:: DATASET EXTRACT ::
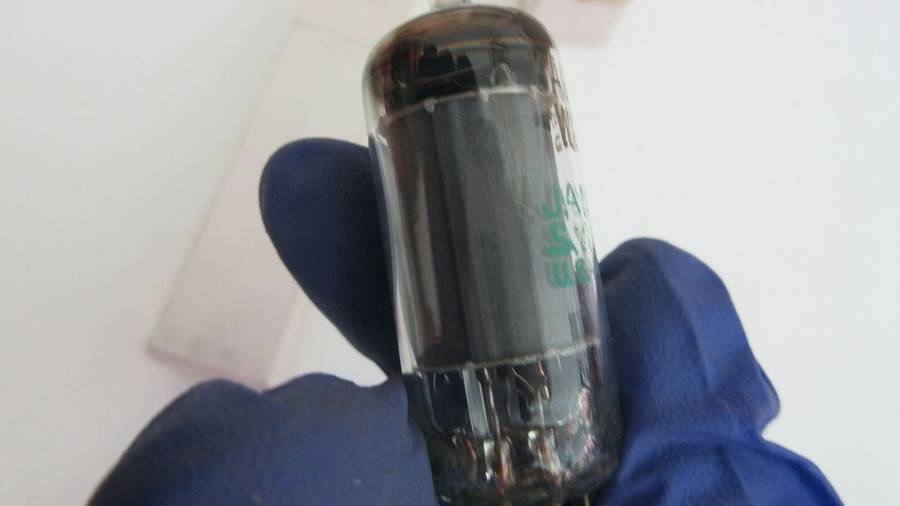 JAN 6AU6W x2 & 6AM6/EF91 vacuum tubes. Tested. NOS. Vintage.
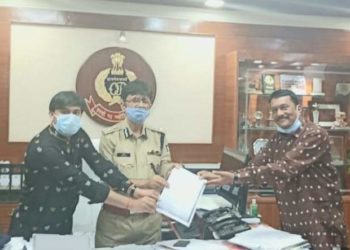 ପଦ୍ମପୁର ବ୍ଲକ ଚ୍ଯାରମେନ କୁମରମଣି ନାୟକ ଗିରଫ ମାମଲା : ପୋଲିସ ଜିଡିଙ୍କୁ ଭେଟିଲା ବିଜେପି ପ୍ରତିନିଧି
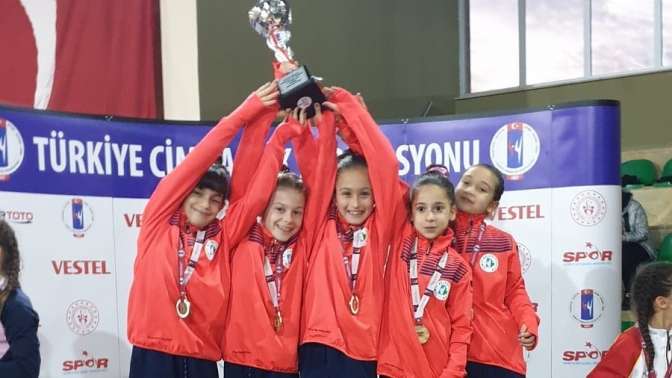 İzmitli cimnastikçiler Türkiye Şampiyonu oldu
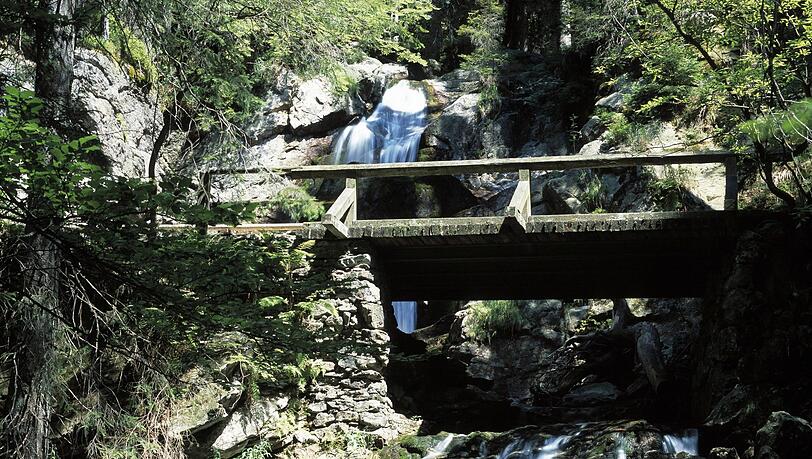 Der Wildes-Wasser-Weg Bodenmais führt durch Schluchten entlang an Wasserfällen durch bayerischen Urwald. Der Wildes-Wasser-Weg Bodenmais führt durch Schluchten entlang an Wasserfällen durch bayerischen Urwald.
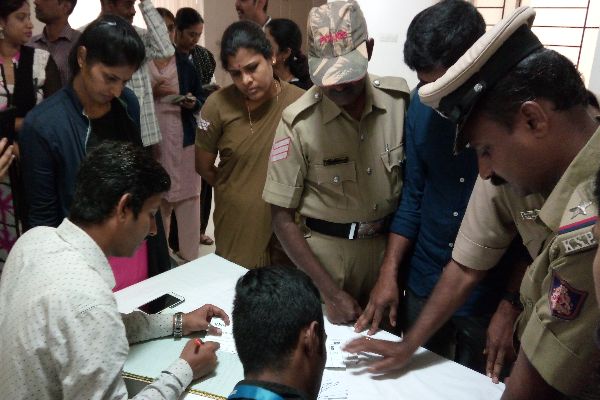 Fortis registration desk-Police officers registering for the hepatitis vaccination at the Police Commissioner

---

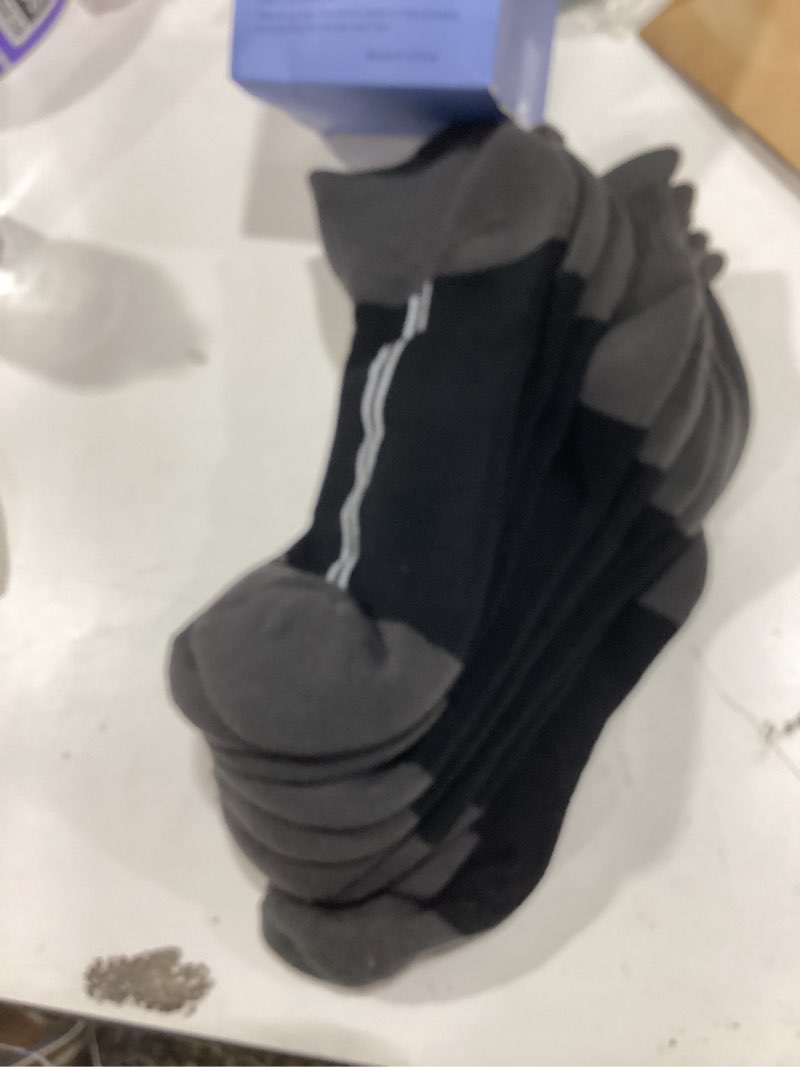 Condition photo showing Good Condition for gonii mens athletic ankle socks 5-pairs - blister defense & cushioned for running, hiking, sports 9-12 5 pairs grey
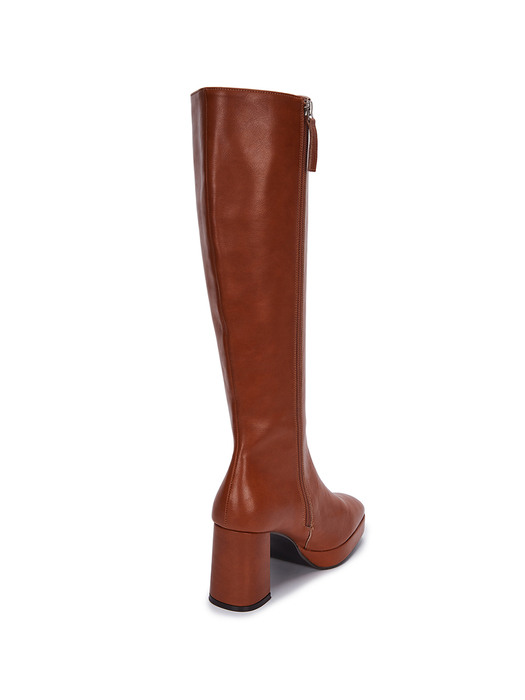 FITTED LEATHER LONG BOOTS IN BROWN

---

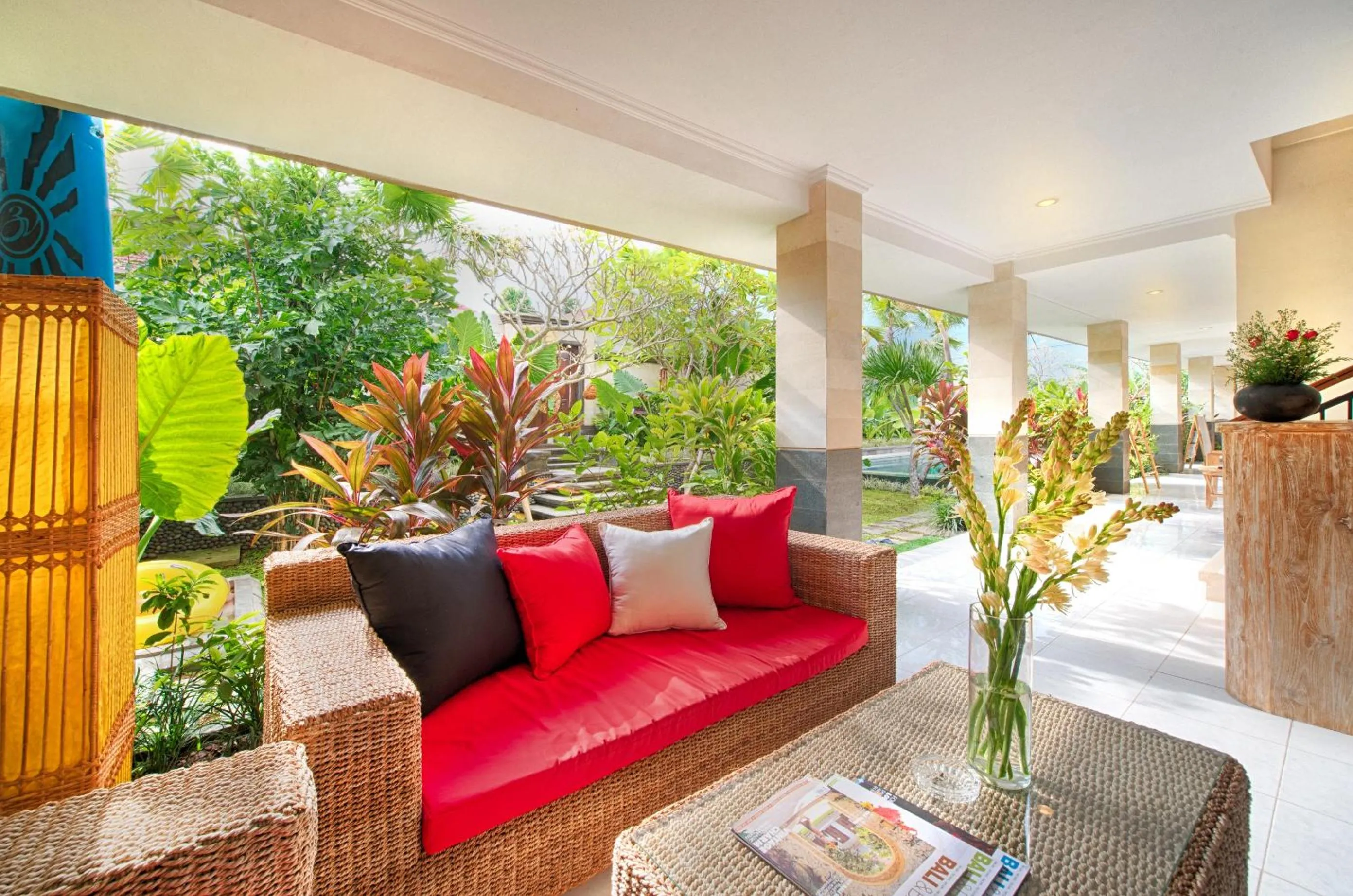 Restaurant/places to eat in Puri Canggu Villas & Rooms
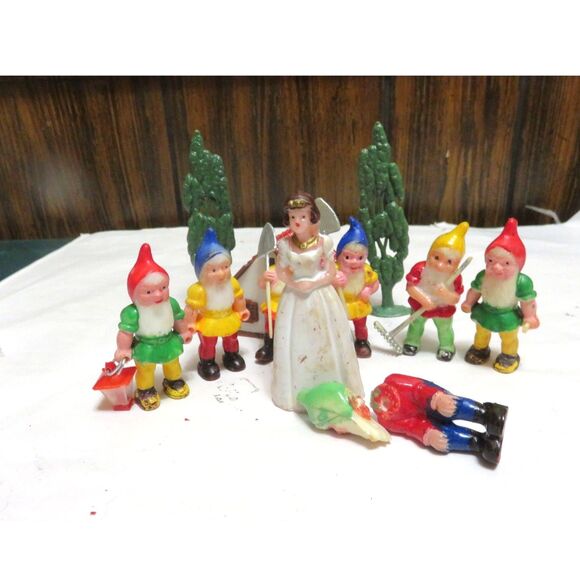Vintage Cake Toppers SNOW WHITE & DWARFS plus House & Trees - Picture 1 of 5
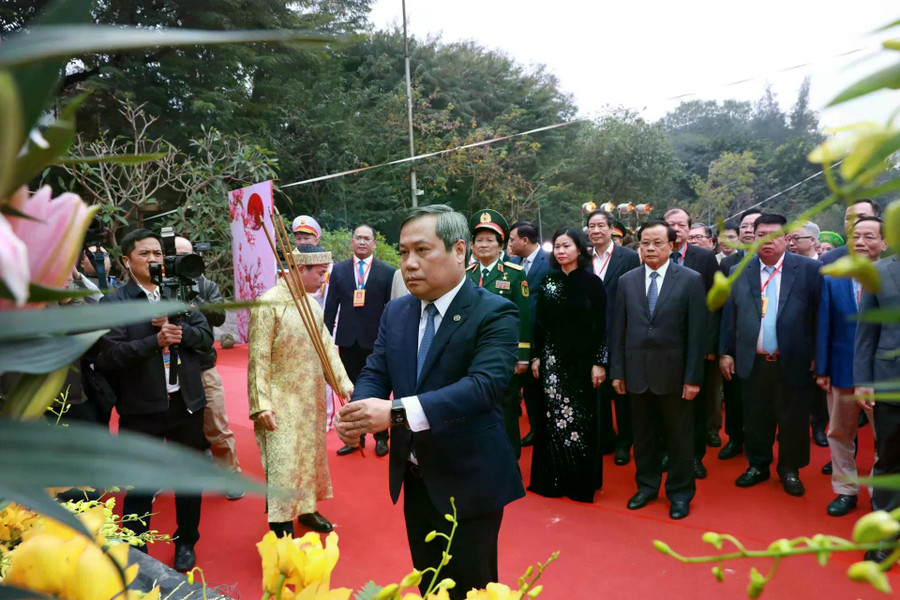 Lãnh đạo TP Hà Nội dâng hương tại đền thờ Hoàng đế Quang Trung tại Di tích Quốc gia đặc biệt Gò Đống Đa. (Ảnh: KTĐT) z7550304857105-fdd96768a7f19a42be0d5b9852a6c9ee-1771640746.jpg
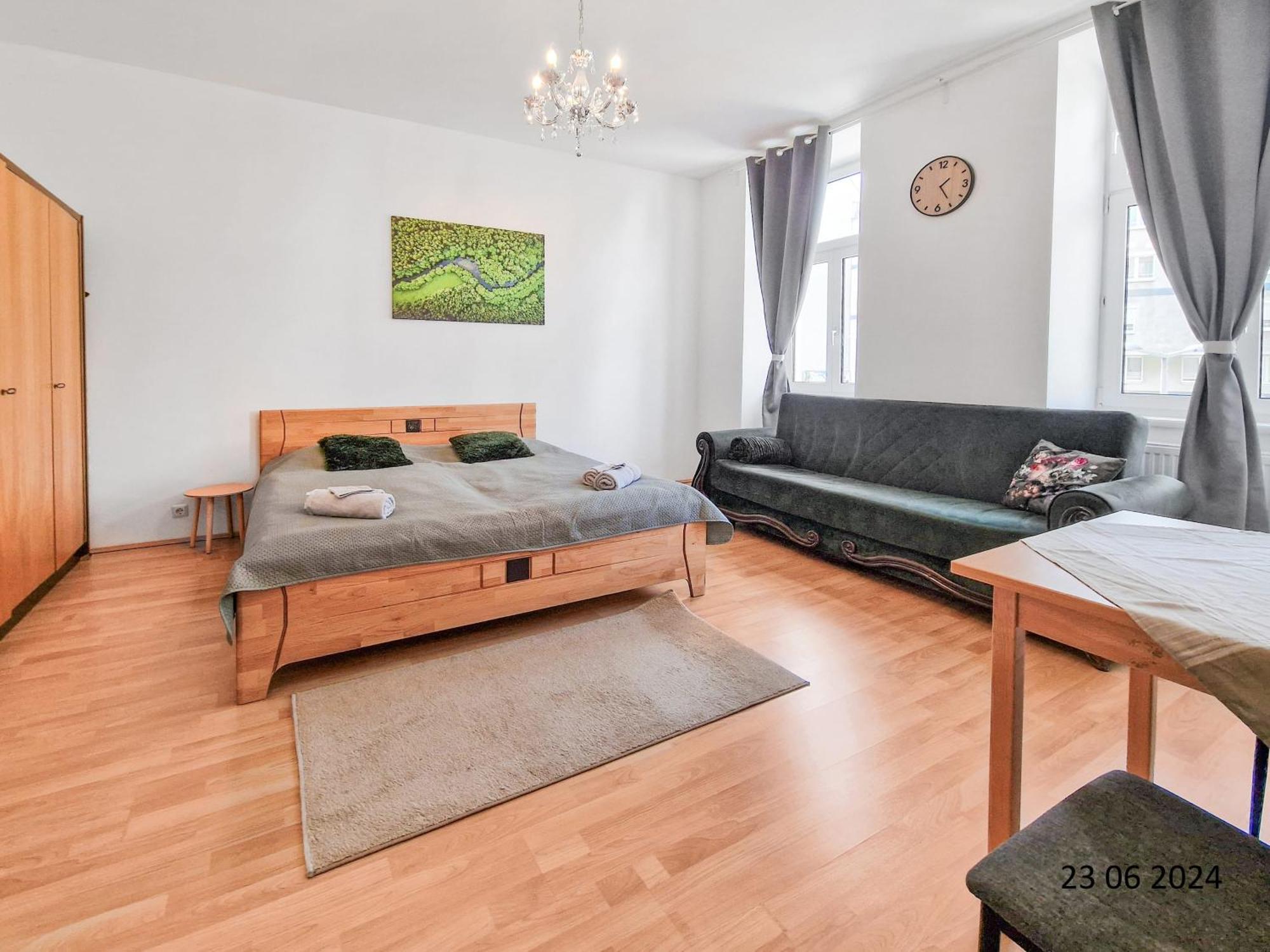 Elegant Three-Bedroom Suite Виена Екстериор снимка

:: EXERCISE AIM ::
Go back to the lines above and output, exactly as they stand, the ones from the line containing "ପଦ୍ମପୁର ବ୍ଲକ ଚ୍ଯାରମେନ" to the line containing "İzmitli cimnastikçiler Türkiye". Leave all pictures behind.

:: EXPECTED ANSWER ::
 ପଦ୍ମପୁର ବ୍ଲକ ଚ୍ଯାରମେନ କୁମରମଣି ନାୟକ ଗିରଫ ମାମଲା : ପୋଲିସ ଜିଡିଙ୍କୁ ଭେଟିଲା ବିଜେପି ପ୍ରତିନିଧି
 İzmitli cimnastikçiler Türkiye Şampiyonu oldu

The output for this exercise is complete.